● Try it: Scan the entries below for the word "Pullover", then copy each line that holds it.

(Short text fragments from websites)
»»

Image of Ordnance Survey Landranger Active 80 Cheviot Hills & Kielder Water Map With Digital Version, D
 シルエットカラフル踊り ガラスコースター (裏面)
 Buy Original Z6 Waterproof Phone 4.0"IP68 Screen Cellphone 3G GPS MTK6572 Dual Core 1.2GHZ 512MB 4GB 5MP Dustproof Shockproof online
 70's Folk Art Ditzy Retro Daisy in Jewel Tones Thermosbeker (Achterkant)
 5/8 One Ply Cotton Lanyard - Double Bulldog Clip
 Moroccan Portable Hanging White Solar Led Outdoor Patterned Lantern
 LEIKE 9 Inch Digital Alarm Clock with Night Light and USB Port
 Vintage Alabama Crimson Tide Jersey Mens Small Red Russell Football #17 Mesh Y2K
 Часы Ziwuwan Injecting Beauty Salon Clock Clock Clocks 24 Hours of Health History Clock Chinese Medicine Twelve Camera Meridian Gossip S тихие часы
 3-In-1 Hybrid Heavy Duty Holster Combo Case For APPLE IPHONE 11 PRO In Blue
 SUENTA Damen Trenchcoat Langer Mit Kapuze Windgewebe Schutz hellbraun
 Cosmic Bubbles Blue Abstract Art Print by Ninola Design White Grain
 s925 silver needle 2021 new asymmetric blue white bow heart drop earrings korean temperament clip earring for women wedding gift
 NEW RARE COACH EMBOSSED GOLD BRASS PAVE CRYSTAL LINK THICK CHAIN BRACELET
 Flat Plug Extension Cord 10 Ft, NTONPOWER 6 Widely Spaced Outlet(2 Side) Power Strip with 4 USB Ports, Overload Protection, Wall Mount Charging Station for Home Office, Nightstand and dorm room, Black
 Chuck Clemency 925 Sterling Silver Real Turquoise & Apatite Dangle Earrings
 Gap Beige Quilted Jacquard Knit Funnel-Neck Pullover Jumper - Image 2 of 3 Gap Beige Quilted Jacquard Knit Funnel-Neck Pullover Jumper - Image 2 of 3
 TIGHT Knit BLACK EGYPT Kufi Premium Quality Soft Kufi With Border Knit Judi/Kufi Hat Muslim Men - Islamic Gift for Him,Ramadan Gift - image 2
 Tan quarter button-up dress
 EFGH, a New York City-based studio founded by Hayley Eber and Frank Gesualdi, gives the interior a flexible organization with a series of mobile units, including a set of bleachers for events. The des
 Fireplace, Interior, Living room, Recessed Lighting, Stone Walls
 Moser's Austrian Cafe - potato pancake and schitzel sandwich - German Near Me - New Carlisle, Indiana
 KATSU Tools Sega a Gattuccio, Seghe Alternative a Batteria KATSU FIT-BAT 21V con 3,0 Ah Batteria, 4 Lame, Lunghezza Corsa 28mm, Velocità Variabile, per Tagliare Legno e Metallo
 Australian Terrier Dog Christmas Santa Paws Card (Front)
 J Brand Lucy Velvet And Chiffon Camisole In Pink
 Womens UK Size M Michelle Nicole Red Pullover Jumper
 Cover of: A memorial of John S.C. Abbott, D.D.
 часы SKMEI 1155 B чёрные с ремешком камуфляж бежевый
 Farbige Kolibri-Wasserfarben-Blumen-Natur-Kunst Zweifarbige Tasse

««

● Output of the task:
 Gap Beige Quilted Jacquard Knit Funnel-Neck Pullover Jumper - Image 2 of 3 Gap Beige Quilted Jacquard Knit Funnel-Neck Pullover Jumper - Image 2 of 3
 Womens UK Size M Michelle Nicole Red Pullover Jumper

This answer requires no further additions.